[[ EXTRACTED DATA open ]]

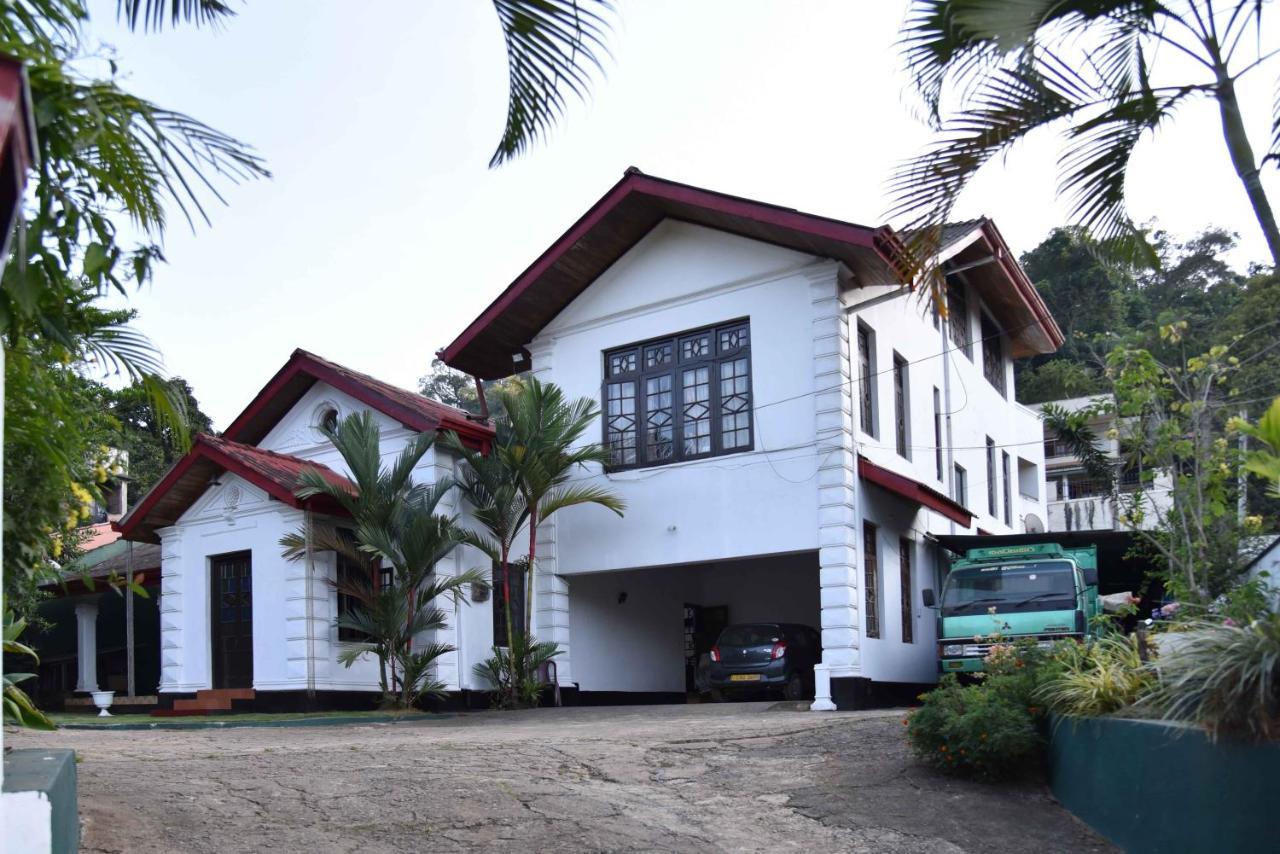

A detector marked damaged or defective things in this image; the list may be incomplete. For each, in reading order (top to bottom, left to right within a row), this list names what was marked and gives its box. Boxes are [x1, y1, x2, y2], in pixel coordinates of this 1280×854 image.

cracked concrete pavement [7, 701, 1111, 854]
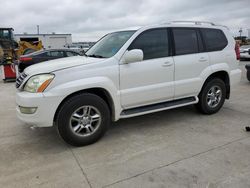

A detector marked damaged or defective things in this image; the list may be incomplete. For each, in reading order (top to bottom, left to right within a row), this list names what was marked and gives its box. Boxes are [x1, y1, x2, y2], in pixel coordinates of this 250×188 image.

cracked asphalt [0, 61, 249, 187]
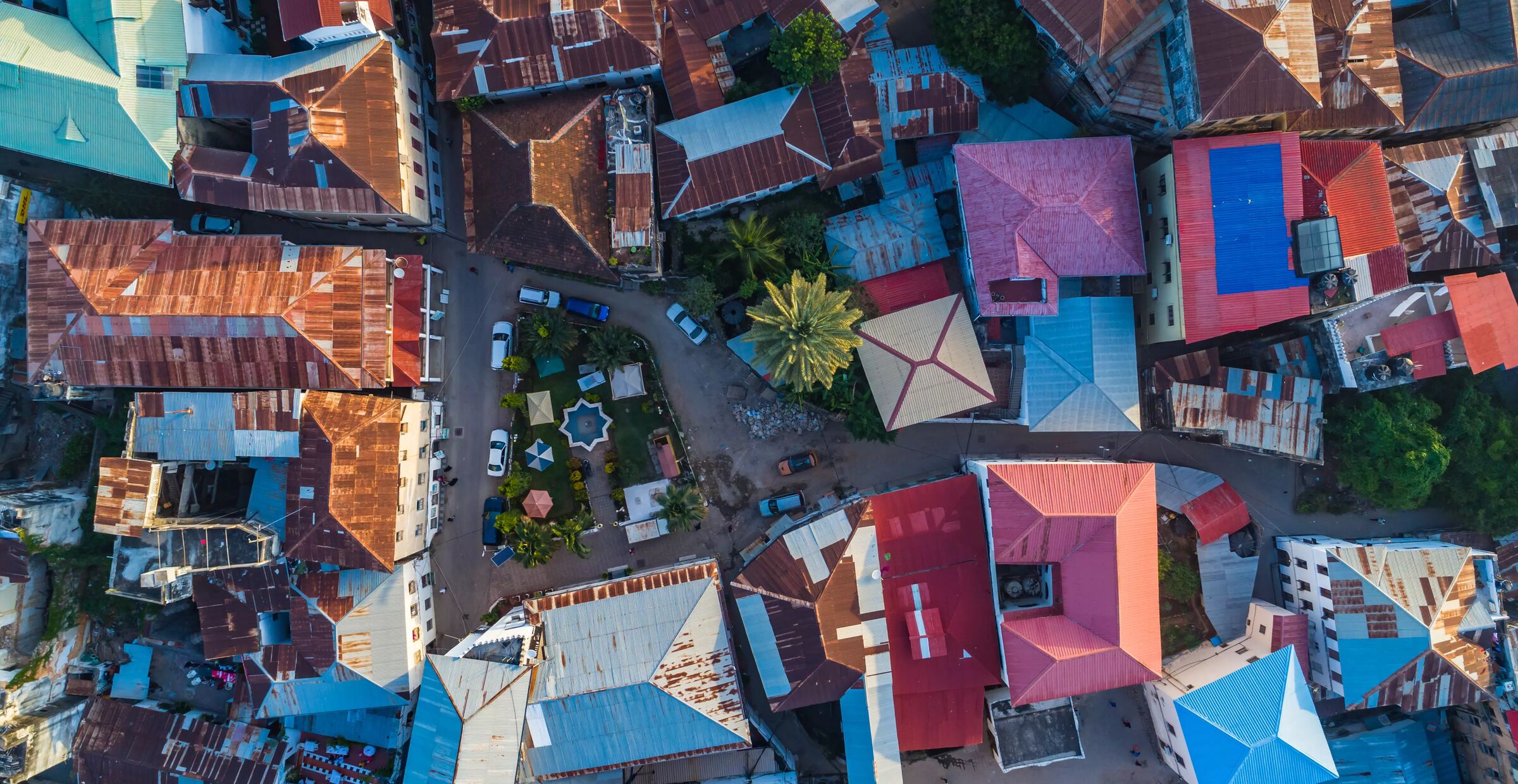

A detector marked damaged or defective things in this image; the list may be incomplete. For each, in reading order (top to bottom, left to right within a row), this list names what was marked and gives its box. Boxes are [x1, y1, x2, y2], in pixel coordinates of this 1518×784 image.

rusty metal roof [177, 39, 412, 216]
roof with rust stains [175, 37, 419, 219]
roof with rust stains [467, 92, 622, 280]
rusty metal roof [467, 94, 622, 280]
roof with rust stains [431, 0, 662, 101]
roof with rust stains [27, 219, 395, 391]
rusty metal roof [27, 219, 395, 391]
roof with rust stains [283, 391, 410, 567]
rusty metal roof [283, 391, 410, 567]
rusty metal roof [72, 697, 291, 782]
roof with rust stains [522, 558, 753, 776]
roof with rust stains [1317, 537, 1493, 709]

[[ EXTRACTED DATA closed ]]

TRY IT — For this exercise, repeat word for word only the lines from the one containing "this 250×188 image." through the end of the data, including both. Pictures do not go in the copy.

EXERCISE RESPONSE —
A detector marked damaged or defective things in this image; the list may be incomplete. For each, in reading order (top to bottom, left to right within a row), this list names what was marked and gives its box. Boxes are [x1, y1, x2, y2], in pixel coordinates of this 250×188 image.

cracked asphalt [0, 61, 249, 187]

A detector marked damaged or defective things in this image; the list may be incomplete. For each, in reading order (top to bottom, left to right within a row), this list names what was marked and gives its box. Boxes are [x1, y1, x2, y2], in pixel coordinates of this 1518×784 image.

rusty metal roof [177, 39, 412, 216]
roof with rust stains [175, 37, 419, 219]
roof with rust stains [467, 92, 622, 280]
rusty metal roof [467, 94, 622, 280]
roof with rust stains [431, 0, 662, 101]
roof with rust stains [27, 219, 395, 391]
rusty metal roof [27, 219, 395, 391]
roof with rust stains [283, 391, 410, 567]
rusty metal roof [283, 391, 410, 567]
rusty metal roof [72, 697, 291, 782]
roof with rust stains [522, 558, 753, 776]
roof with rust stains [1317, 537, 1493, 709]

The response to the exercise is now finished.